Яростные националисты и упрямые традиционалисты озабочены не только сокращением употребления французского языка, но и его порчей английскими словами. Если вслед за Полем Валери думать, что «мысль есть дитя, а не мать речи», то, конечно, есть о чем беспокоиться. Однако не следует путать причину и следствие. «Чистоту» языка, когда-то—да, то время прошло — бывшего языком международного общения господствующих классов в Европе XVII-XVIII веков, не портят англосаксонские слова: могущество Соединенных Штатов побуждает население стран, входящих в сферу влияния Америки, пристойно владеть языком доминирующей страны. Проблема не нова—каждый галл, желавший сделать карьеру, изучал латынь. И она не ограничивается рамками «свободного мира» — в советской сфере влияния залогом социального успеха является владение русским языком. Какими бы причинами ни вызывалось неиспользование шести десятков национальных языков или диалектов, признанных постсоветской Конституцией, конституцией федеративного с юридической точки зрения государства, — официальными, официозными или же скрытыми, — все эти языки, носители культурных кодов, исчезли*.
* В Конституции РФ нет перечисления языков и диалектов. Статья 68 гарантирует республикам в составе РФ право устанавливать государственные языки.—Примеч. ред.
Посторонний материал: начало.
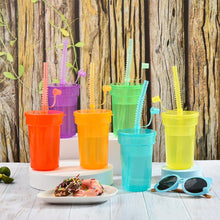 Load image into Gallery viewer, Rainbow Color Straw Cups Reusable Spill-Proof Drinking Cups with Lids and Straws for Birthday Party Xmas Juice Mug Water Bottle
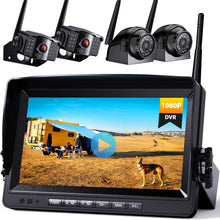 Xroose Backup Camera Wireless with DVR 9" FHD Monitor for Truck RV Trailer Rear Side View Reversing 4 Back Up Camera W/Built-in Recorder Monitor Stable Signal System CX4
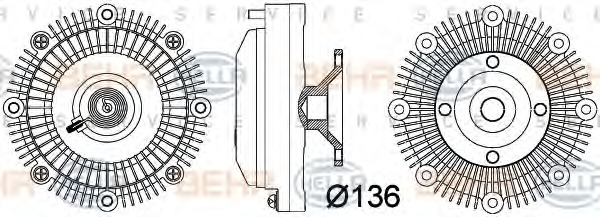 HELLA Hűtőventillátor kuplung 8MV376757-381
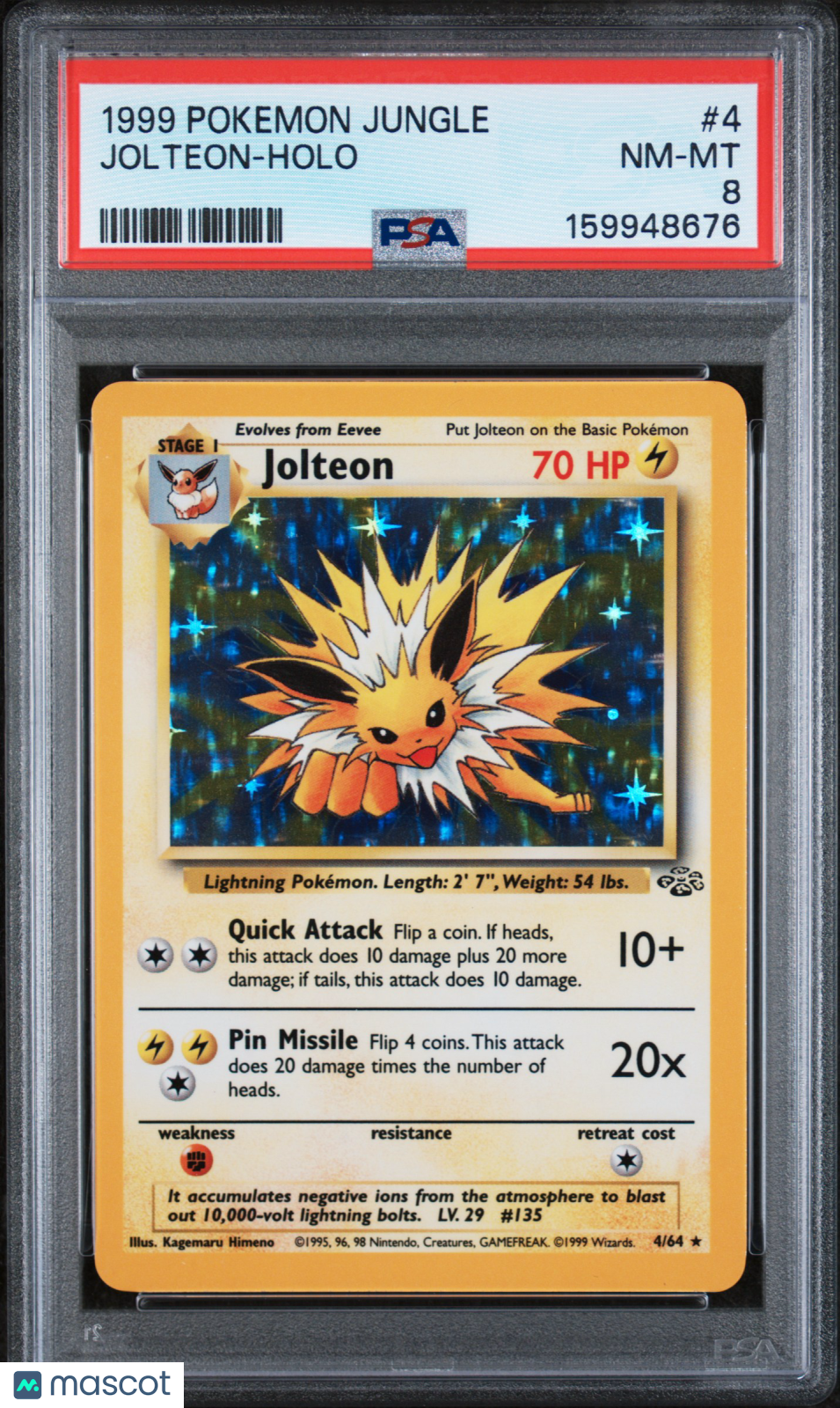 1999 Pokemon Jungle Jolteon #4 PSA 8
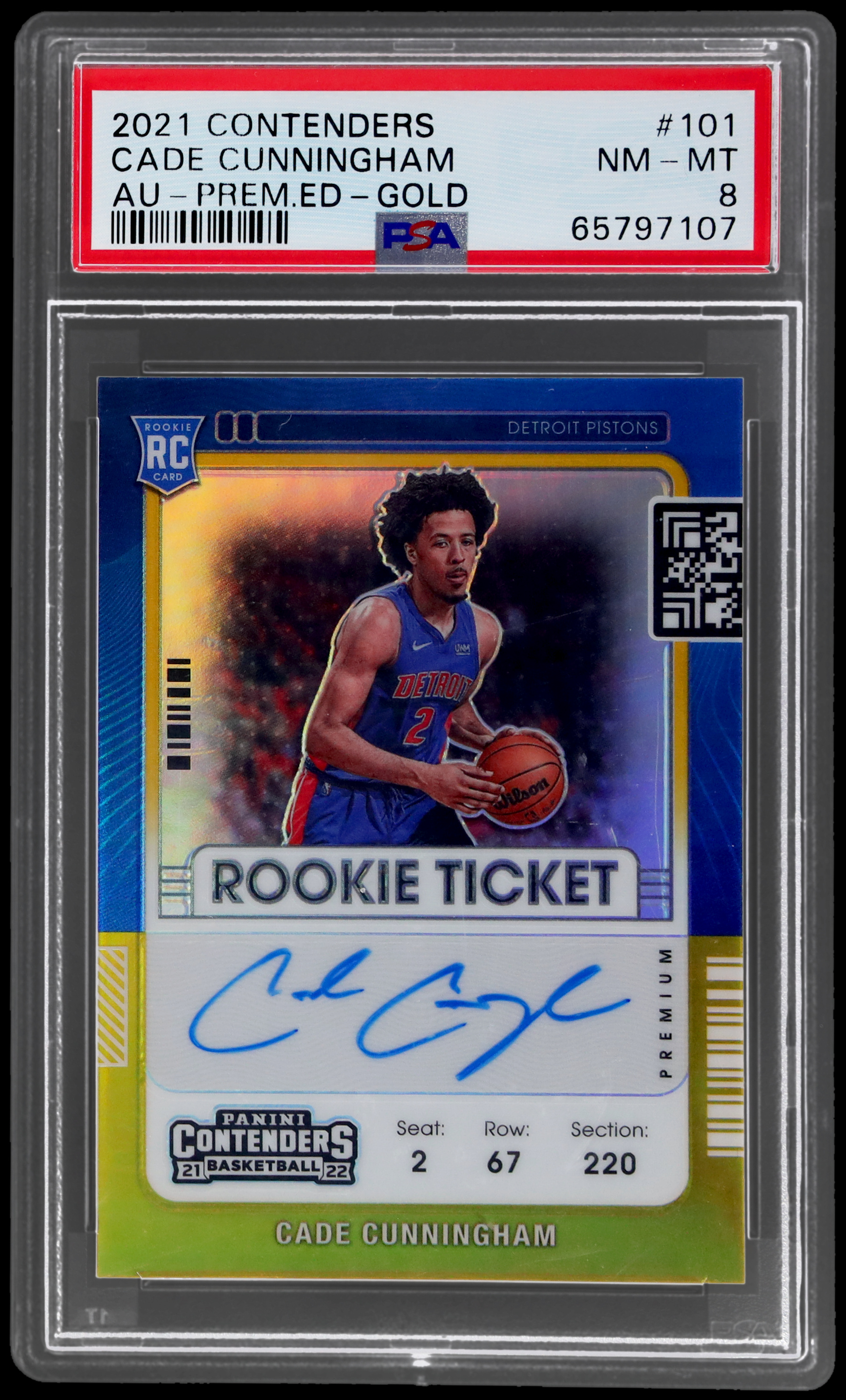 2021-22 Panini Contenders Cade Cunningham #101 PSA 8 RC 3/10 Basketball NM-MT
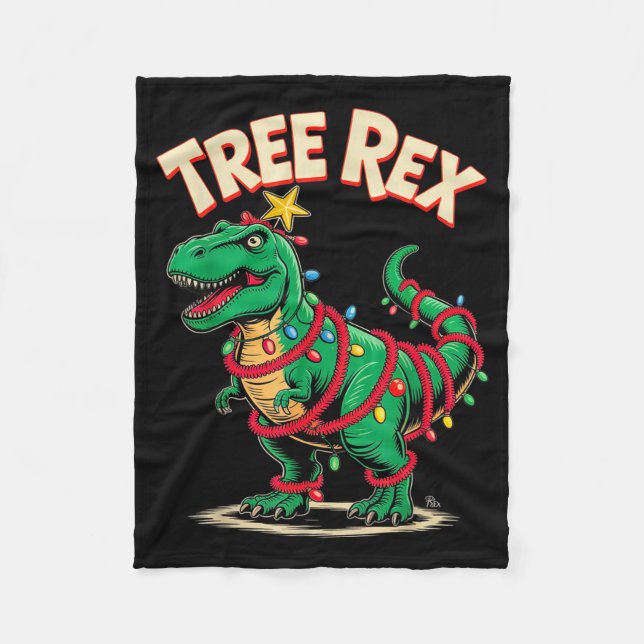 Tree Rex Christmas Costume T-rex Dinosaur Xmas Lig Fleecedecke (Vorderseite)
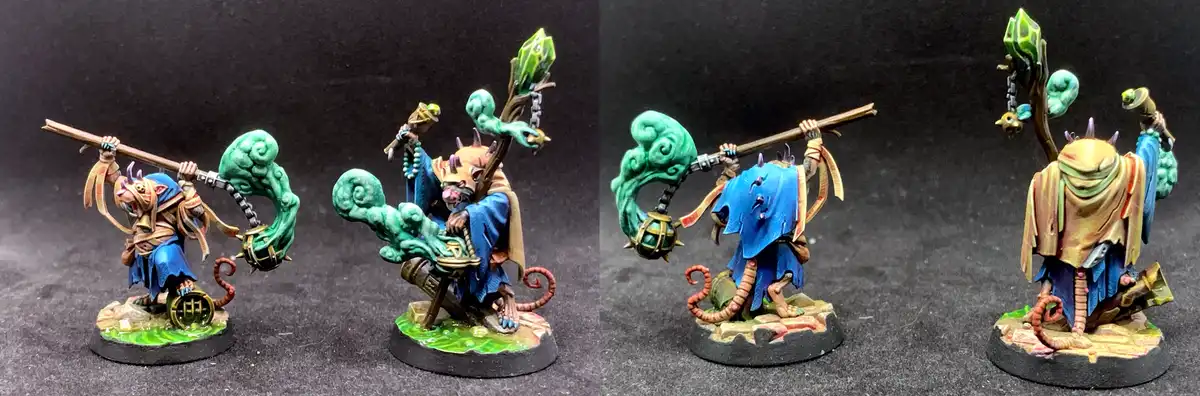 Four views of a painted miniature figurine of a rat-like creature in a blue robe, holding a staff with green mystical…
Вот что может успокоить французов. В Нидерландах использование английского языка столь масштабно, что американские телесериалы идут без перевода и без субтитров. Тем не менее нельзя утверждать, что эта страна потеряла национальную самобытность,— не более, чем Норвегия, Швеция или Дания, где английский изучается с первого класса. Знание английского— или американского—стало необходимым. Истории было угодно, чтобы американская империя наследовала британской. Английский, язык морских и воздушных путешествий, космических полетов, одержал победу там, где эсперанто потерпел крах. Однако когда он используется в своем обедненном виде, только чтобы объясниться, он не несет в себе культуры. В этом смысле он инструментален и не оказывает влияния на частную жизнь французов (за исключением изредка встречающихся билингвов), в которой продолжает использоваться французский язык. Французская лексика обогащается новыми словами, что свидетельствует о жизнеспособности языка и его способности противостоять американизации. В Грузии продолжают говорить по-грузински, а в западных Пиренеях—по-баскски. «Франглэ», или «франгламерикен», не касается частной жизни французов в том смысле, какой мы вкладываем в это понятие. Дело обстояло бы по-другому, если бы американское влияние вышло за пределы лексического состава языка и затронуло бы синтаксис, то есть язык в соссюровском понимании*. Коротко говоря, речь идет о словах, а не о языке. Можно не беспокоиться.